### DATA PROVIDED ###

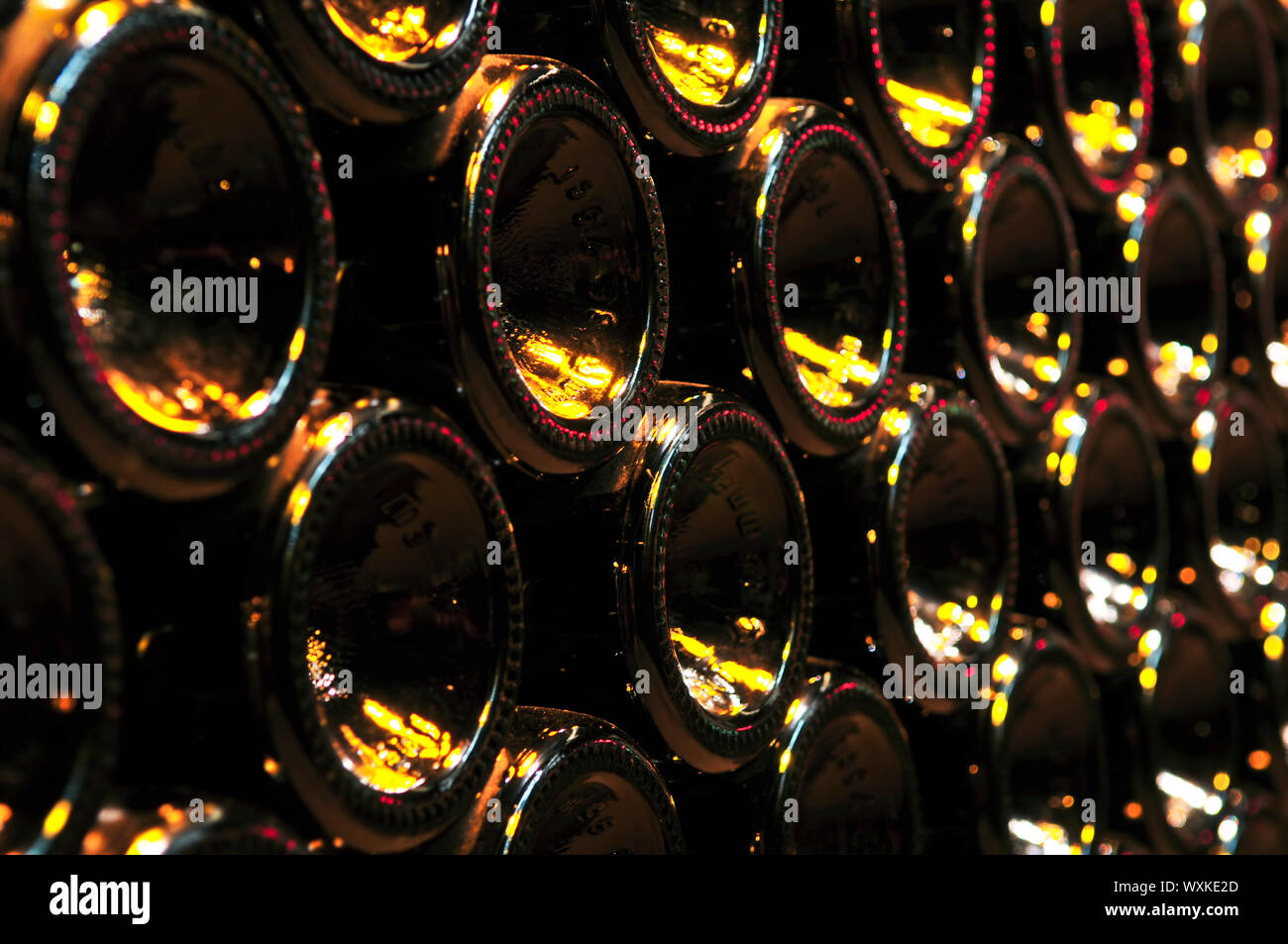 Large stack of wine bottle bottoms in winery Stock Photo Alamy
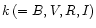 $k\,(=B,V,R,I)$
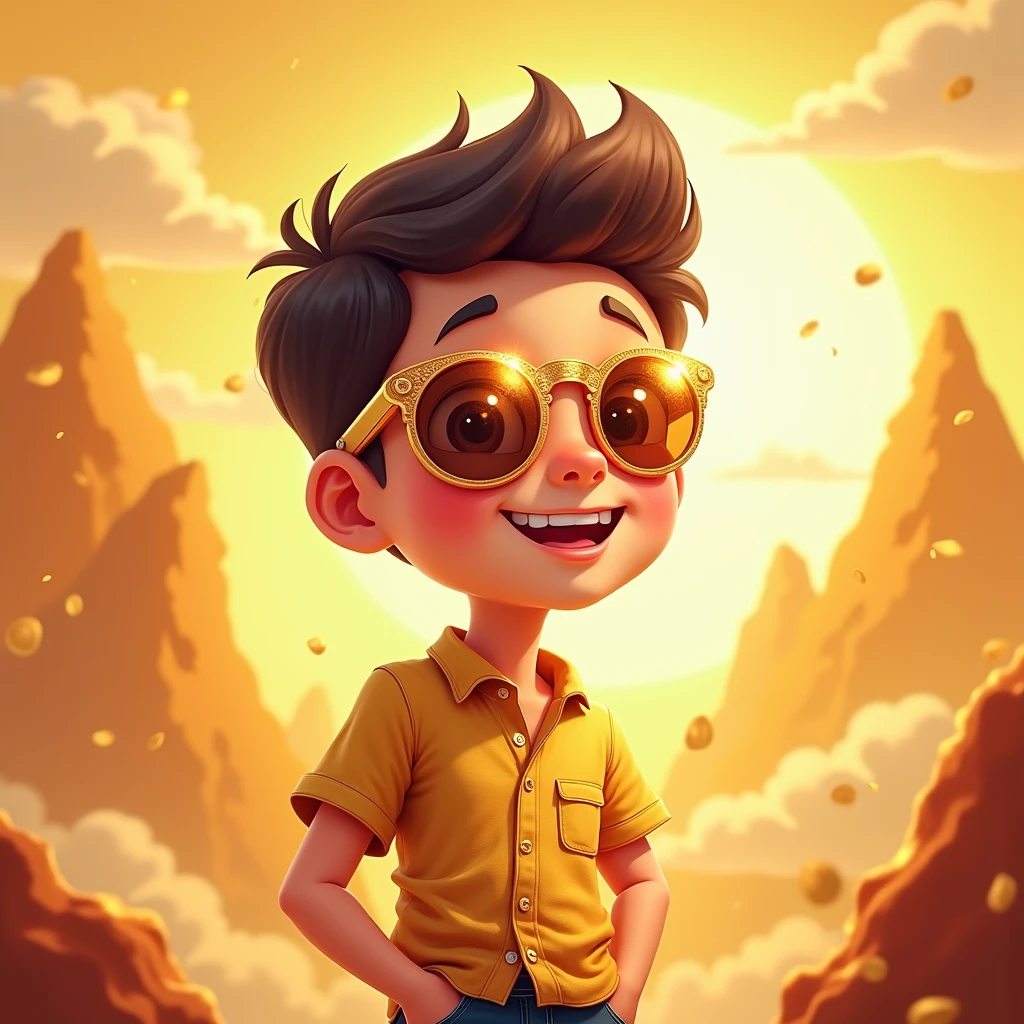 A lucky boy,Cartoon,shirt,Pocket,Wear sunglasses,Sunglasses flash,rich,Multigold,Bright background,jin shan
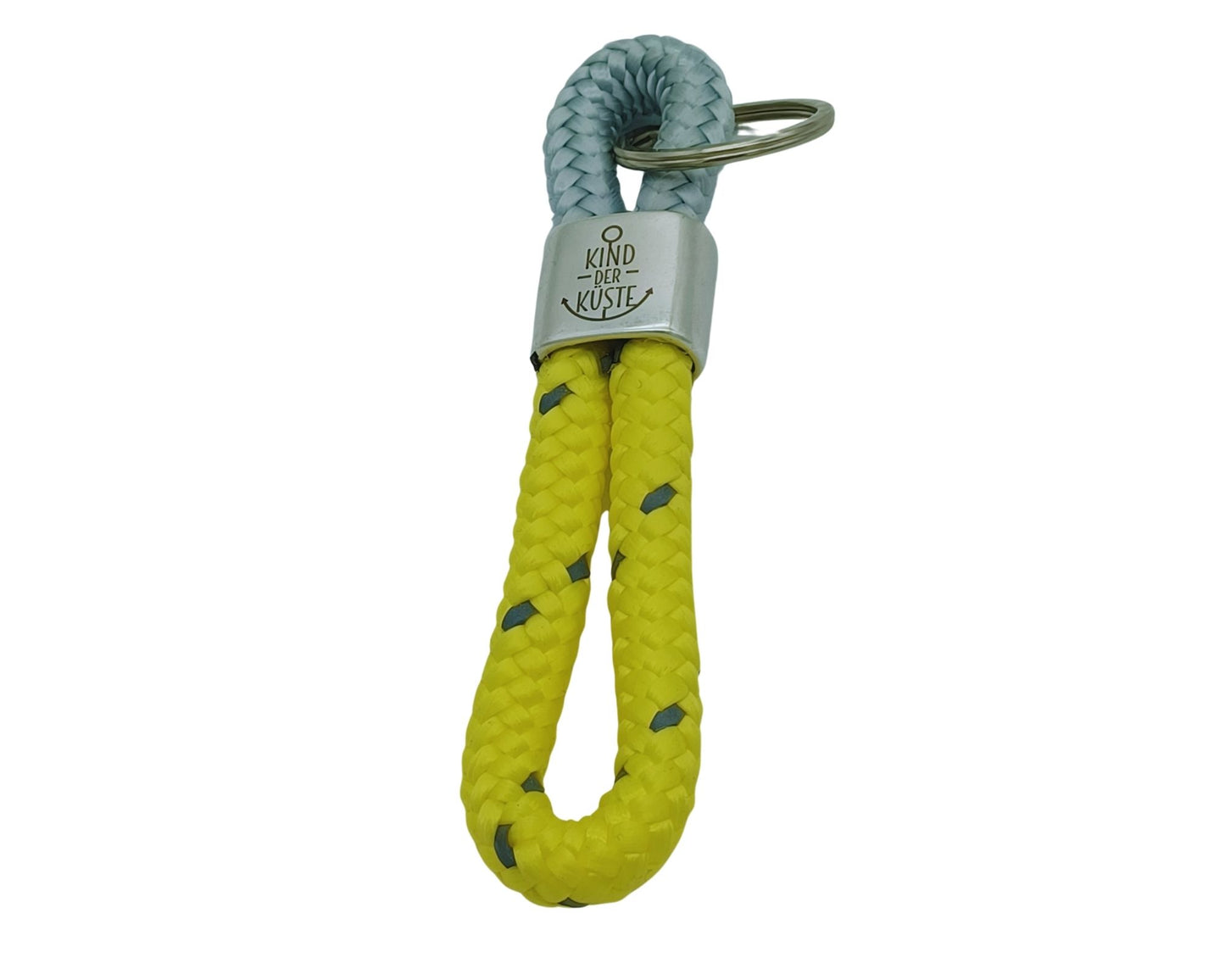 Segelseil 8er Schlüsselanhänger 10mm, gelb/ grau, Kind der Küste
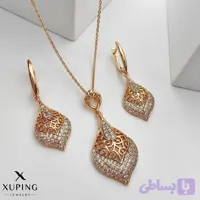 نیم ست ژوپینگ طرح اشکی نگین دار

###

> [WHAT YOU HAVE TO DO]: Reproduce the material above verbatim; omit every picture.

> [EXERCISE SOLUTION]:
 Large stack of wine bottle bottoms in winery Stock Photo Alamy
 $k\,(=B,V,R,I)$
 A lucky boy,Cartoon,shirt,Pocket,Wear sunglasses,Sunglasses flash,rich,Multigold,Bright background,jin shan
 Segelseil 8er Schlüsselanhänger 10mm, gelb/ grau, Kind der Küste
 نیم ست ژوپینگ طرح اشکی نگین دار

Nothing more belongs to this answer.